— Task directions —
This calls for a word-for-word copy of all the data, with each picture removed.

— Dataset entries —
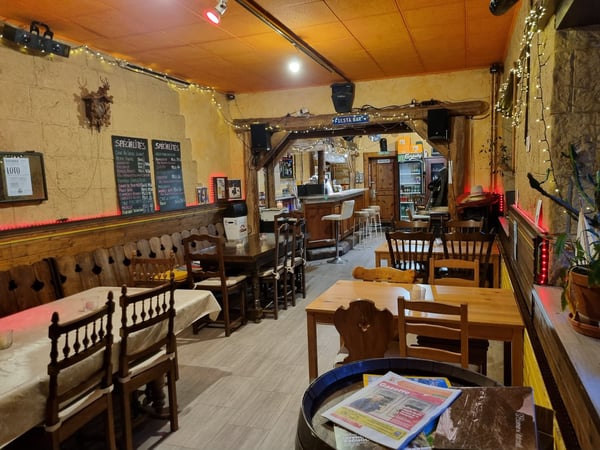 A SAISIR : JOLI RESTAURANT au cœur de Bovernier 3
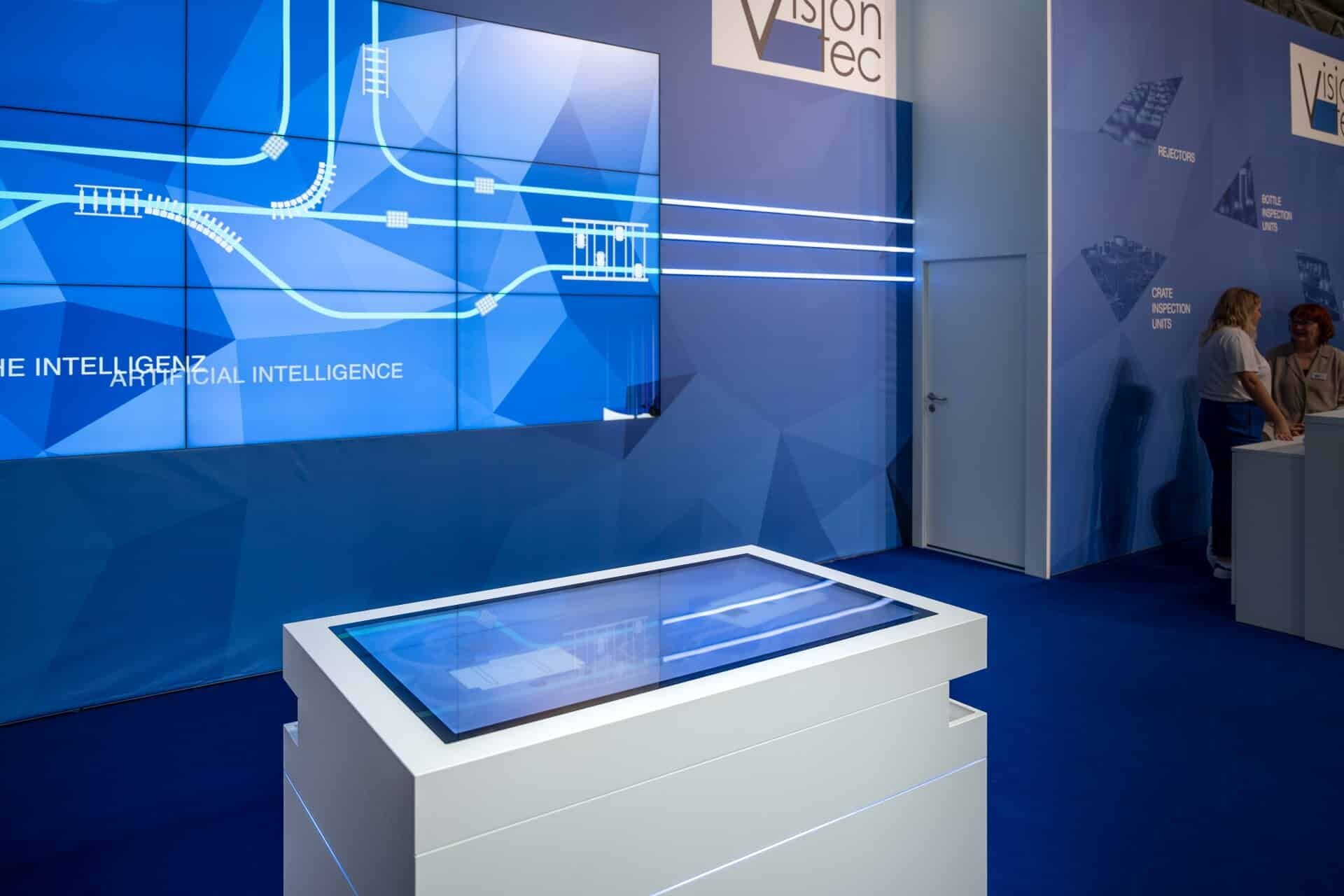 Präsentation Getränkeindustrie mit Multitouch Tisch und Bildschirmwand auf interaktivem Messestand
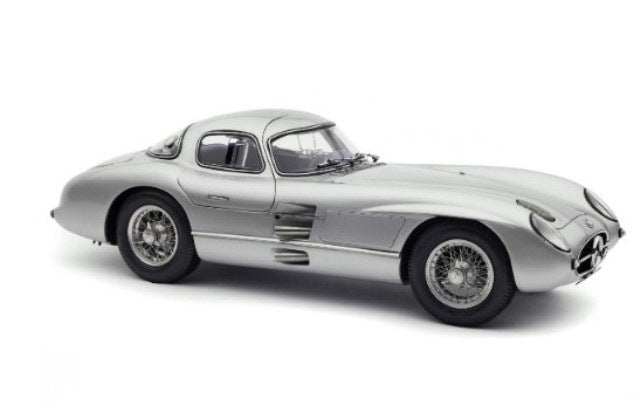 M-243 CMC 1:18 Mercedes Benz 300 SLR Coupe 1955 Blue Interior model car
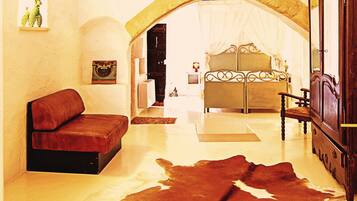 Chambre Double Lune de Miel, 1 grand lit, vue cour intérieure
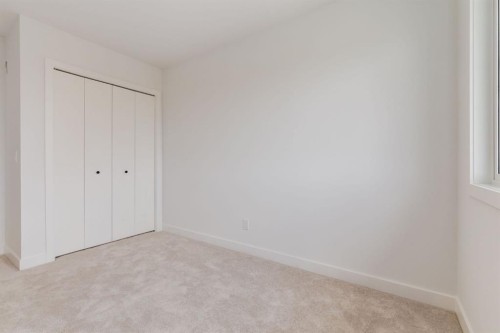 235 Sora Boulevard Se, Calgary, AB - Indoor Photo Showing Other Room
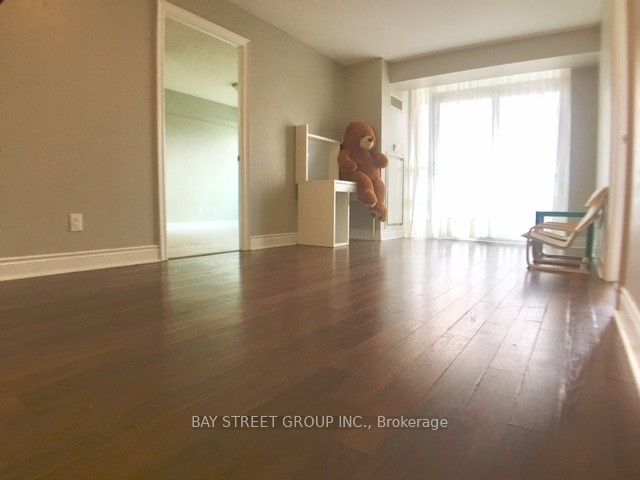 25 Greenview Ave 11 Property Photo 10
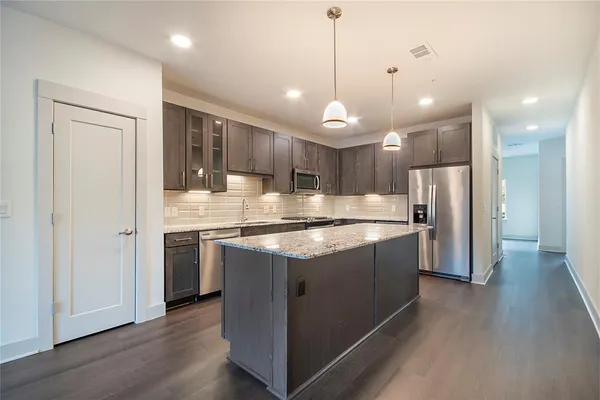 $4,332 | 5613 Belmont Avenue, Unit 238, Dallas, TX 75206
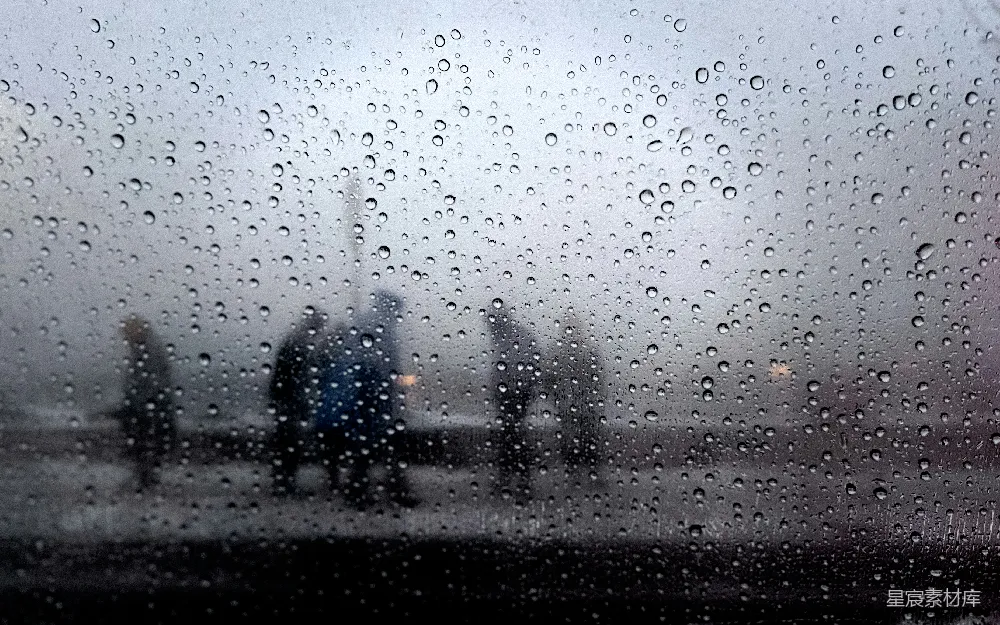 高清摄影 雨天 人像 朦胧 自然 城市 雨中行人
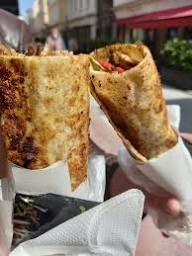 Uskumru Izgara- Grilled Mackarel Fish Wrap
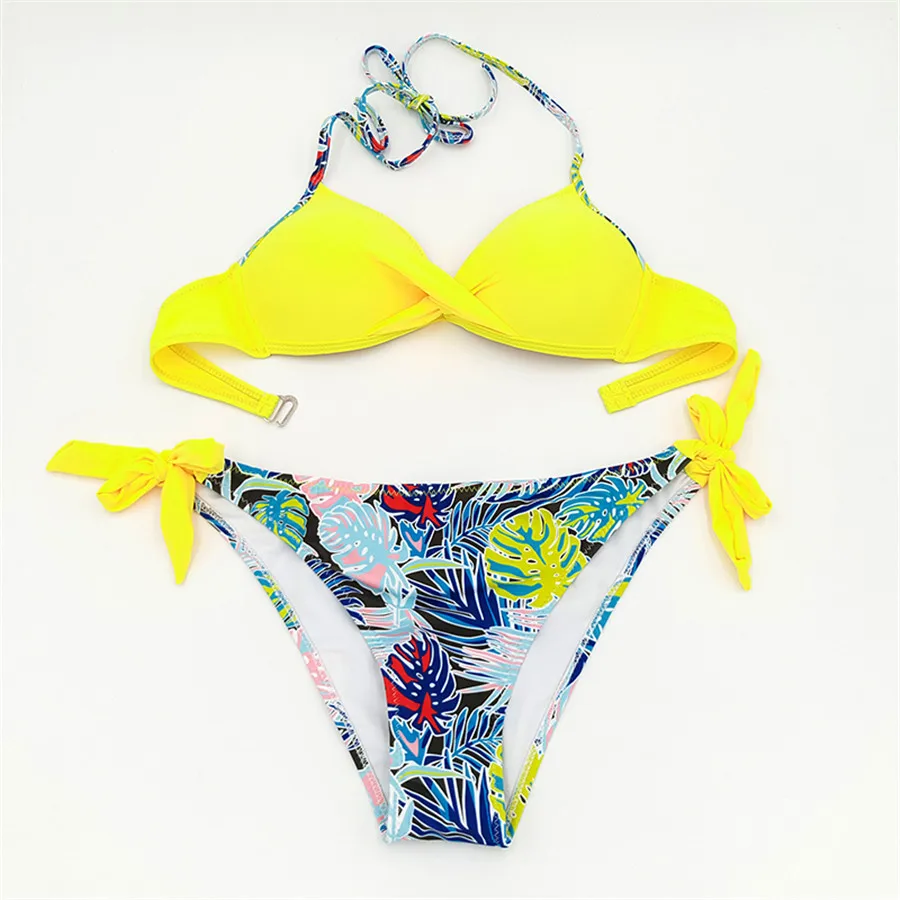 New Sexy Bikini Push Up Swimwear 2018 Women Print Beach Halter Top Bikini Set Solid Swimsuit Bandage Summer Bathing Suit Biquini New Sexy Bikini Push Up Swimwear 2018 Women Print Beach Halter Top Bikini Set Solid Swimsuit Bandage Summer Bathing Suit Biquini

— Solution below —
 A SAISIR : JOLI RESTAURANT au cœur de Bovernier 3
 Präsentation Getränkeindustrie mit Multitouch Tisch und Bildschirmwand auf interaktivem Messestand
 M-243 CMC 1:18 Mercedes Benz 300 SLR Coupe 1955 Blue Interior model car
 Chambre Double Lune de Miel, 1 grand lit, vue cour intérieure
 235 Sora Boulevard Se, Calgary, AB - Indoor Photo Showing Other Room
 25 Greenview Ave 11 Property Photo 10
 $4,332 | 5613 Belmont Avenue, Unit 238, Dallas, TX 75206
 高清摄影 雨天 人像 朦胧 自然 城市 雨中行人
 Uskumru Izgara- Grilled Mackarel Fish Wrap
 New Sexy Bikini Push Up Swimwear 2018 Women Print Beach Halter Top Bikini Set Solid Swimsuit Bandage Summer Bathing Suit Biquini New Sexy Bikini Push Up Swimwear 2018 Women Print Beach Halter Top Bikini Set Solid Swimsuit Bandage Summer Bathing Suit Biquini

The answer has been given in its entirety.